(Data entries)
Start of Block

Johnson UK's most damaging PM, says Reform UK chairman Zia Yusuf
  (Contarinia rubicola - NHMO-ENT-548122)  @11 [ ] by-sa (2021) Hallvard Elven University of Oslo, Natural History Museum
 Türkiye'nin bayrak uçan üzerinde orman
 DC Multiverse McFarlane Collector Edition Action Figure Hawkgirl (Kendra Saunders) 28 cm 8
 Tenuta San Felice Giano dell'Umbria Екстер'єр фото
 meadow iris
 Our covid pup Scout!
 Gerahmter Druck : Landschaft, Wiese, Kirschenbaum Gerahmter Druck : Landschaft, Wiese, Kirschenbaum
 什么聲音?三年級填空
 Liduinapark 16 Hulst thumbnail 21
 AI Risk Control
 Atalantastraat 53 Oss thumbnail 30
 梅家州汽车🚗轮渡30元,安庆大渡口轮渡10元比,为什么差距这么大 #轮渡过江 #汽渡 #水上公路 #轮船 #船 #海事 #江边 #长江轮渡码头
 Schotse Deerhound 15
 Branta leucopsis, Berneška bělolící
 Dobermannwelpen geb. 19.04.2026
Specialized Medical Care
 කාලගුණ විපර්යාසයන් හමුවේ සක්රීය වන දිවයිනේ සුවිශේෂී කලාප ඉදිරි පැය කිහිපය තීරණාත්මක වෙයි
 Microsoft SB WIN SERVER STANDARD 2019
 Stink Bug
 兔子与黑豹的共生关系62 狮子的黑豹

End of Block

[Instructions for the task] Repeat all of the records, letter for letter.

[Task output]
Johnson UK's most damaging PM, says Reform UK chairman Zia Yusuf
  (Contarinia rubicola - NHMO-ENT-548122)  @11 [ ] by-sa (2021) Hallvard Elven University of Oslo, Natural History Museum
 Türkiye'nin bayrak uçan üzerinde orman
 DC Multiverse McFarlane Collector Edition Action Figure Hawkgirl (Kendra Saunders) 28 cm 8
 Tenuta San Felice Giano dell'Umbria Екстер'єр фото
 meadow iris
 Our covid pup Scout!
 Gerahmter Druck : Landschaft, Wiese, Kirschenbaum Gerahmter Druck : Landschaft, Wiese, Kirschenbaum
 什么聲音?三年級填空
 Liduinapark 16 Hulst thumbnail 21
 AI Risk Control
 Atalantastraat 53 Oss thumbnail 30
 梅家州汽车🚗轮渡30元,安庆大渡口轮渡10元比,为什么差距这么大 #轮渡过江 #汽渡 #水上公路 #轮船 #船 #海事 #江边 #长江轮渡码头
 Schotse Deerhound 15
 Branta leucopsis, Berneška bělolící
 Dobermannwelpen geb. 19.04.2026
Specialized Medical Care
 කාලගුණ විපර්යාසයන් හමුවේ සක්රීය වන දිවයිනේ සුවිශේෂී කලාප ඉදිරි පැය කිහිපය තීරණාත්මක වෙයි
 Microsoft SB WIN SERVER STANDARD 2019
 Stink Bug
 兔子与黑豹的共生关系62 狮子的黑豹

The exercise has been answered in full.